ACTIVITY
An exact transcription of all the data is required, with every image removed.

COLLECTED MATERIAL
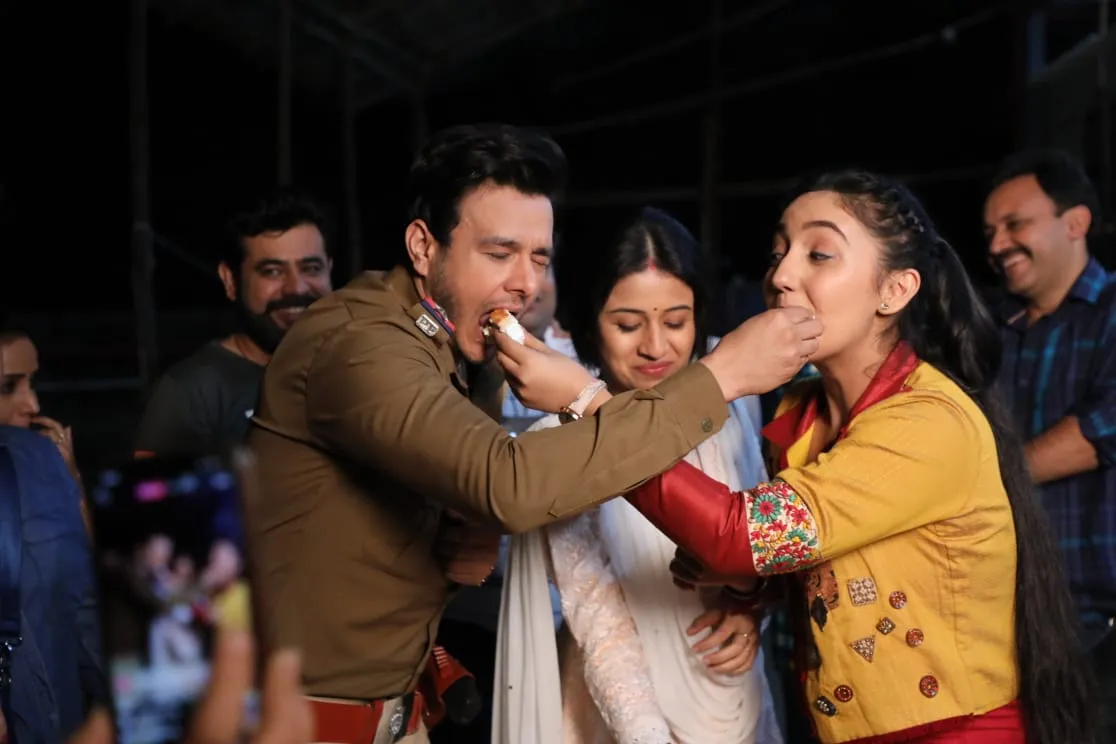 Anirudh Dave, Paridhi Sharma, Ashnoor Kaur 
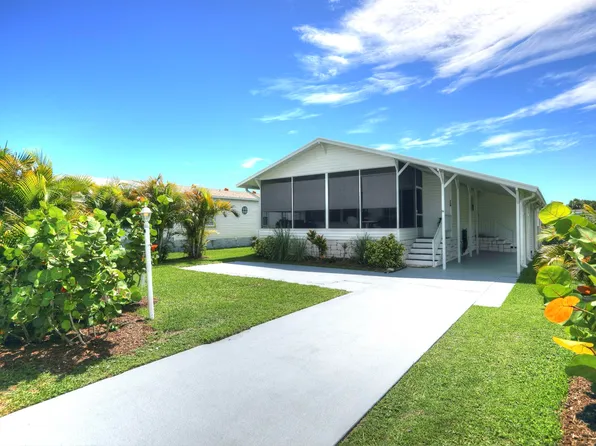 758 Lark Dr, Barefoot Bay, FL 32976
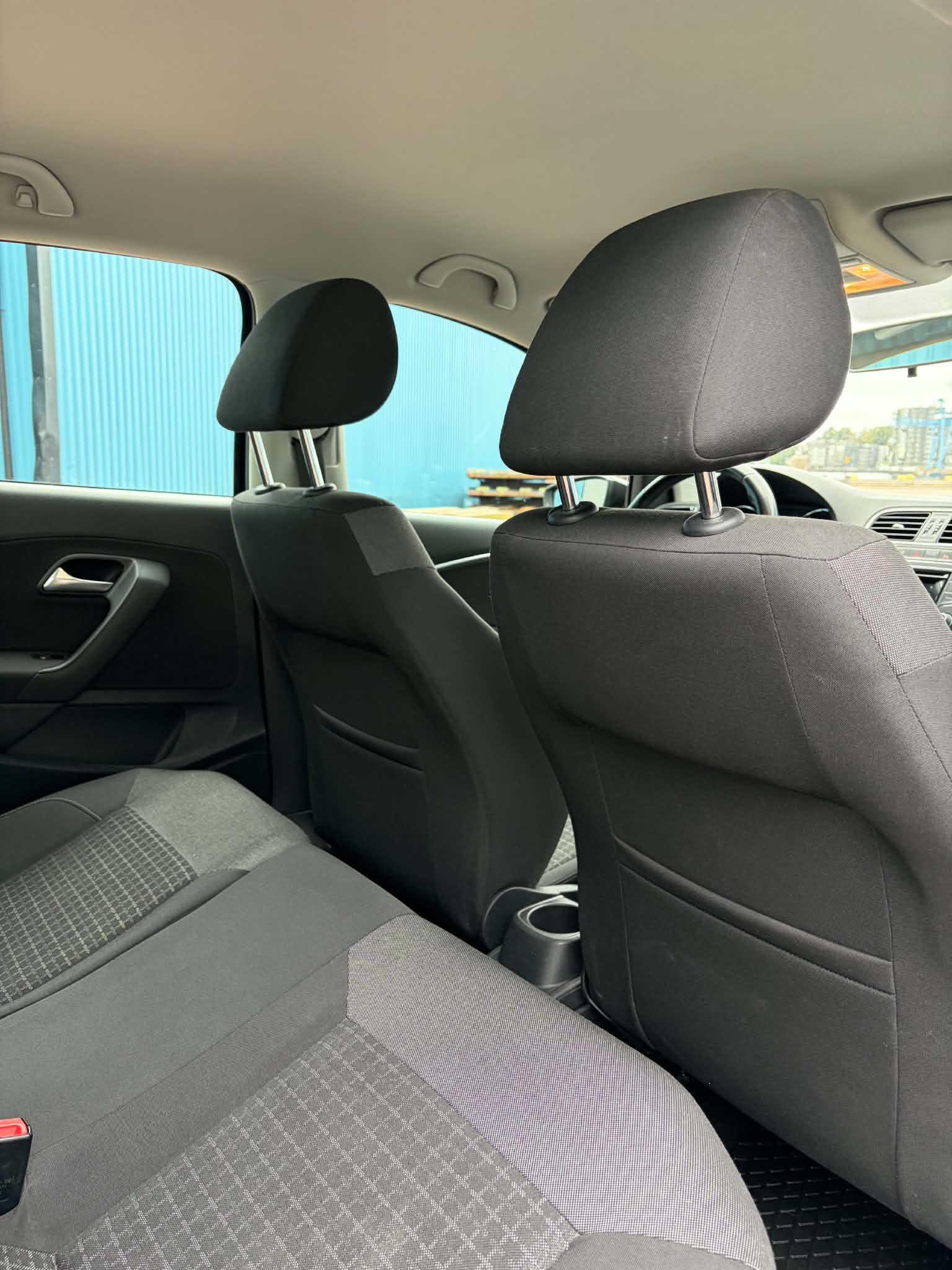 Volkswagen Polo 2017, bild 7/8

EXERCISE RESULT
 Anirudh Dave, Paridhi Sharma, Ashnoor Kaur 
 758 Lark Dr, Barefoot Bay, FL 32976
 Volkswagen Polo 2017, bild 7/8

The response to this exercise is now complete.